Sanchez, a candidate for Guatemala's Congress, was attending his seventh funeral in six months, each grim gathering a farewell to a candidate or political worker struck down by bullets in the astoundingly violent run-up to Sunday's national elections. At least 50 candidates and political activists representing parties across the political spectrum have been slain in the past 15 months, and dozens of others have been attacked, according to watchdog groups.
Political workers have been hacked with machetes; candidates have been bombed, shot and beaten. Even though Guatemala is one of the world's most violent countries, the brazen nature of the killings has surpassed anything seen here since three decades of civil war ended in 1996.
"This is not a campaign, this is a war," said Erasmo Ordonez, whose uncle was killed in May while running for mayor in the town of Zacapa and whose political activist father was murdered two years earlier.
The roots of the preelection violence are the subject of much debate among the 29,300 candidates and 21 political parties vying for offices in nearly every Guatemalan village, city and state, known here as departments. Some blame the drug cartels that are believed to have penetrated almost all levels of Guatemalan government; some say the killings are ordered by political rivals. Others argue that the pace of murders is far from abnormal in a country of 12 million people that registered at least 6,000 murders last year. And yet others believe some of the violence may be the fault of the informal syndicates that govern many walks of life, threatening violence if they do not receive payoffs for everything from bus routes to milk deliveries.
Whatever the case, the violence has boosted the presidential campaign of Otto Perez Molina, a retired Guatemalan army general and military intelligence chief whose campaign posters, featuring a clenched fist, leave little doubt about his stance on crime. Once trailing badly, he has surged ahead and is now tied with the longtime front-runner, Alvaro Colom, according to a poll released Wednesday by the newspaper Prensa Libre.
Perez Molina, of the Patriot Party, insists he will respect human rights if he is elected. But he also has told reporters that he will not hesitate to impose martial law, suspending rights to free assembly and movement, for limited periods in parts of the country plagued by violent drug cartels. His campaign's slogan, "mano dura," which translates as strong hand or iron fist, has often been associated here with repressive military governments.

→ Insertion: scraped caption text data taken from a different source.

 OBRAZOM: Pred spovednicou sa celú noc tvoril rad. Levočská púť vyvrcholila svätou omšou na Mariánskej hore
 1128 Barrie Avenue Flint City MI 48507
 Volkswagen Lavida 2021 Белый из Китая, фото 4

"We're saying the truth about what is happening in this country," Perez Molina said in an interview in Guatemala City. "If we don't have a strong state, if we don't have a government that is willing to confront these problems, Guatemala is at risk of becoming a failed state or converting into a narco-state." Preelection violence, Perez Molina said, "has been one of the factors that has helped us rise in the polls."
Perez Molina's opponents -- all 13 of them -- have been slow to respond to his improved standing. During a campaign nearly free of personal attacks, several candidates have complained that Guatemala is in danger of returning to its militarized past and have mocked the "mano dura" slogan, but they have seldom mentioned Perez Molina by name.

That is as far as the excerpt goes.